Figure 4. Nanoparticle Change with Size

The properties of material can be different at the nanoscale due to two main reasons. The two main reasons why materials at the nano scale can have different properties are increased relative surface area (nonmaterials have relatively larger surface area when compared to the same mass of material produced in a larger form) and new quantum effects (dominate the behaviour of matter at the nanoscale).

3.1 Increase in a Surface Area to Volume Ratio

Nanomaterials have a relatively larger surface area when compared to the same volume or mass of the material produced in a larger form. When a bulk material is reduced to the particles of smaller size, then the surface area to volume ratio becomes very high. For example, for a spherical material of radius r, the surface area is given by,

Surface area = 4πr²

And its, volume = 4/3πr³

Surface area to volume ratio is =4πr²/4/3πr³ =3/r

For nanospherical material, due to decrease in size (r), the above ratio increases predominantly [12].

So the particle size decreases, a greater proportion of atoms are found at the surface compared to those inside. Hence, nanoparticles have a much greater surface area per given volume compared with larger particles. This makes the material more chemically reactive and affects their strength or electrical properties. Figure 5 shows the increased surface area results from dividing the larger particle into many smaller pieces. Surface Area is a big factor implies that, mass and volume of the material is unchanged by the division of the block into small pieces.

Figure 5. Larger Material is divided into Many Smaller pieces

3.2 Quantum Confinement

Quantum confinement effect is observed when the size of the particle is too small to be comparable to the wavelength of the electron. The word confinement means to confine the motion of randomly moving electron to restrict its motion in specific energy level. In nanocrystals, the electronic energy levels are not continuous as in the bulk, but are discrete (finite density of states); because, of the confinement of the electronic wave function to the physical dimensions of the particles.

This phenomenon is called as “Quantum confinement” [13, 14]. At the nano scale, quantum effects can become much more important in determining the materials properties and characteristics, leading to novel optical, electrical and magnetic behaviours. If one length of three dimensional nanostructures is at nano-dimension, then it is called as “Quantum Well”. If two sides of three dimensional nanostructures are at nano-dimension, then it is called a “Quantum Wire”. If all the three dimensional nanostructures are at nano-dimension (Nano Crystals), they are referred as “Quantum Dots (QDs)”. If the size of quntum dot is smaller than that of Bohr radius, then confinement occurs leading to a transition from continuous to discrete energy levels.

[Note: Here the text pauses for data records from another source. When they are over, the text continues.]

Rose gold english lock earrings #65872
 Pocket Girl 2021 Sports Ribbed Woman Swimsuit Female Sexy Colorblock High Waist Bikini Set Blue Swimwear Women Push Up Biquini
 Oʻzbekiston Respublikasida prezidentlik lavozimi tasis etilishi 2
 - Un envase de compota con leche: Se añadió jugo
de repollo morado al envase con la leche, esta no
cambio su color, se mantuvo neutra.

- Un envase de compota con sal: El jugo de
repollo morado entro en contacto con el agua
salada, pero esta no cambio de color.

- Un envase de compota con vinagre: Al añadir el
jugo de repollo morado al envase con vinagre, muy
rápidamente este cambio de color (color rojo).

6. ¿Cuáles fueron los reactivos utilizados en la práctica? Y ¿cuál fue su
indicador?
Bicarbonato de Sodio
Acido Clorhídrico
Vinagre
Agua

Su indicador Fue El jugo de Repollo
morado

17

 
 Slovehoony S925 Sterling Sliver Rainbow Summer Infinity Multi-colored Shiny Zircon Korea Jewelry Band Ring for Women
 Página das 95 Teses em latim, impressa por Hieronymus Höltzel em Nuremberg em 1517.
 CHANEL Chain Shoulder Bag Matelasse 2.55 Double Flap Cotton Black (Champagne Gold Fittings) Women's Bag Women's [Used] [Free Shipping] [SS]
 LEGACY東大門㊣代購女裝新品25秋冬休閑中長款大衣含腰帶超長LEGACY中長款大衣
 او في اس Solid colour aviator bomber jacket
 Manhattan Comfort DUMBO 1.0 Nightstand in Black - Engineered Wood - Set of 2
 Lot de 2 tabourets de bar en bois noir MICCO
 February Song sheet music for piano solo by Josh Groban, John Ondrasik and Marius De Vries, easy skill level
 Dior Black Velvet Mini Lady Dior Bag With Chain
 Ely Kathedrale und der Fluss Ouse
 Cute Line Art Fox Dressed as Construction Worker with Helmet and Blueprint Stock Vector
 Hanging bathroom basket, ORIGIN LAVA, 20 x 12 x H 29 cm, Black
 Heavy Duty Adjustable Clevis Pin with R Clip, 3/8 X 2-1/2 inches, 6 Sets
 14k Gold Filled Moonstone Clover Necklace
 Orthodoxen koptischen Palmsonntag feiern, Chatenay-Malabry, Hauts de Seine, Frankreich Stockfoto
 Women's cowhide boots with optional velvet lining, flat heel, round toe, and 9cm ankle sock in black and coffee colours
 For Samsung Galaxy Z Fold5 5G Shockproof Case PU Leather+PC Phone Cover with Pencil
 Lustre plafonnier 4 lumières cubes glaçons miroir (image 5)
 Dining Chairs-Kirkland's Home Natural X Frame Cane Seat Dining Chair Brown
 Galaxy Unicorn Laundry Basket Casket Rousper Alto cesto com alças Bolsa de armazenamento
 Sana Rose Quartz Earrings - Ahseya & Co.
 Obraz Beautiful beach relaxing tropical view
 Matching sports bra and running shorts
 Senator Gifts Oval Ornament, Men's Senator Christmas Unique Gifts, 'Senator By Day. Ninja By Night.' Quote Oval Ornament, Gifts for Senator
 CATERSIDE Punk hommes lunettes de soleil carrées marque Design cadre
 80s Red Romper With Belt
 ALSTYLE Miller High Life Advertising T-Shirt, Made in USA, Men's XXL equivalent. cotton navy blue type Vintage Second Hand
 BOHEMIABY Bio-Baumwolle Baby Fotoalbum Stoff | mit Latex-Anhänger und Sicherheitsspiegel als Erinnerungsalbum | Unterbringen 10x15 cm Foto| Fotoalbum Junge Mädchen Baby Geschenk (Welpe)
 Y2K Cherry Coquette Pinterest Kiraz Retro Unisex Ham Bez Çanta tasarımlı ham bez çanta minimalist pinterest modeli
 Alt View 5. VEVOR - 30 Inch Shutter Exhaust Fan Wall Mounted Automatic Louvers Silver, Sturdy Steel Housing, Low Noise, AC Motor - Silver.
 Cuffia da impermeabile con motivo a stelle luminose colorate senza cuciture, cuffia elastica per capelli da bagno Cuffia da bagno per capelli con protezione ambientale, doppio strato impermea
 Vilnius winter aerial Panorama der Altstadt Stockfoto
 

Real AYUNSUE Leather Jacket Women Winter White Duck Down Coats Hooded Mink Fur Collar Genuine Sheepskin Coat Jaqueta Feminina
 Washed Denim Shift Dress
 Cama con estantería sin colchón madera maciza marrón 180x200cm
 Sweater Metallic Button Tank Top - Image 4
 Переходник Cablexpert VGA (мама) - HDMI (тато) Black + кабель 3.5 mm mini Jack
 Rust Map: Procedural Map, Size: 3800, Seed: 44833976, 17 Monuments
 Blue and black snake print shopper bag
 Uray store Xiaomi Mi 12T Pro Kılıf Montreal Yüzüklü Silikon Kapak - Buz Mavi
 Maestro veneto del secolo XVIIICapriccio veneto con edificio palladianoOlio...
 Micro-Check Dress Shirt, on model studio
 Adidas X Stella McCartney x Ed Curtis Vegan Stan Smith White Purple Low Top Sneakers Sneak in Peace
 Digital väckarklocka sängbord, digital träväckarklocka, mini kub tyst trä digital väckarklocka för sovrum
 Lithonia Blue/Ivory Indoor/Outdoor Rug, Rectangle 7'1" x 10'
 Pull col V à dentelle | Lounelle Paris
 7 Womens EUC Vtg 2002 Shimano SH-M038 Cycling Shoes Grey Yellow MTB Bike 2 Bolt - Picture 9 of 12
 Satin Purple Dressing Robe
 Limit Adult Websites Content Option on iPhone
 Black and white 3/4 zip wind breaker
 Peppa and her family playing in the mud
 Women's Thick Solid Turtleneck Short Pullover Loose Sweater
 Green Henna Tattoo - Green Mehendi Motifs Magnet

Nanomaterials have properties that are different from those of bulk materials [15,16]. Most nanostructure materials are crystalline in nature and they have unique properties that lead to significant improvements in their mechanical properties. Recently, many scientists have developed their efforts to study the physical properties of metallic nanoparticles and ultra thin films, expecting to obtain a right perspective to the essential features of quantum confinement. Many exotic physical properties have seen with quantum size effect such as, the splitting of the continuous conduction band into discrete levels, the electromagnetic field enhancement on the surface, the magnetic properties changes from diamagnetic into paramagnetic, and from ferromagnetic into super paramagnetic. Nanomaterials and Nanotechnologies attract tremendous attention in recent scenario. New physical properties and new technologies both in sample preparation and device fabrication evoke on account of the development of nanoscience [17].

4.1 Physical Properties

Crystal structure of nanoparticles is same as the bulk structure with different lattice parameters. The interatomic spacing decreases with size and this is due to long range electrostatic forces and the short range core-core repulsion. As a result, the melting point of nanoparticles decreases with size [12].

4.2 Chemical Properties

A large fraction of the atoms are located at the surface of the nanomaterial, which increase its reactivity and catalytic activity. The large surface area to volume ratio, the variations in geometry and the electronic structure of nanoparticles have a strong effect on catalytic properties.

4.3 Mechanical Properties

The mechanical behaviour of nanoparticles is due to the nature of interfaces in them. Mechanical properties such as hardness, toughness, elastic modulus, scratch resistance, fatigue strength and crack initiation and propagation are significantly different for nanostructures than bulk material. For example in metals and alloys, the hardness and toughness increases by reducing the size of nanoparticles. In ceramics, ductility and super plasticity are increased on reducing the particle size. Fe and Ni continue to harden with decreasing grain size. By decreasing the size of nanocrystalline metals from 1μm to 10 nm and the hardness increases by 2 to 7 times. As the grain size is reduced below 10 nm the hardness reduces in some nanomaterials. At higher temperatures, some nanoparticles possess superplastic property. When the material is superplastic, it can undergo large tensile deformation without getting cracks [13].

4.4 Electrical Properties

The energy band structure and charge carrier density in the materials can be modified quite differently from the bulk material and in turn that will modify the electronic properties of the materials. Nanoparticles made of semiconducting materials like Germanium, Silicon and Cadmium are not semiconductors. Further, nanoclusters of different sizes will have different electronic structures and different energy level separations. So they show diverse electronic properties which depend on its size.

4.5 Magnetic Properties

The magnetic moment of nano particles is found to be very less when compared with its bulk size. Actually, it should be possible that non-ferromagnetic bulk exhibit ferromagnetic-like behaviour when prepared in nano range. Bulk Gold and Platinum are non-magnetic, but at the nano size, they are magnetic [18,19]. One of the fascinating properties of magnetic nanoparticles is the reduction from multidomains to a single domain as the particle size reduces to some limit values. At high temperatures, single domain magnetic nanoparticles are thermally free to orient their spin directions and exhibit super paramagnetic properties. The super paramagnetic state is blocked as temperature lowers down to enhance the exchange interactions between particles.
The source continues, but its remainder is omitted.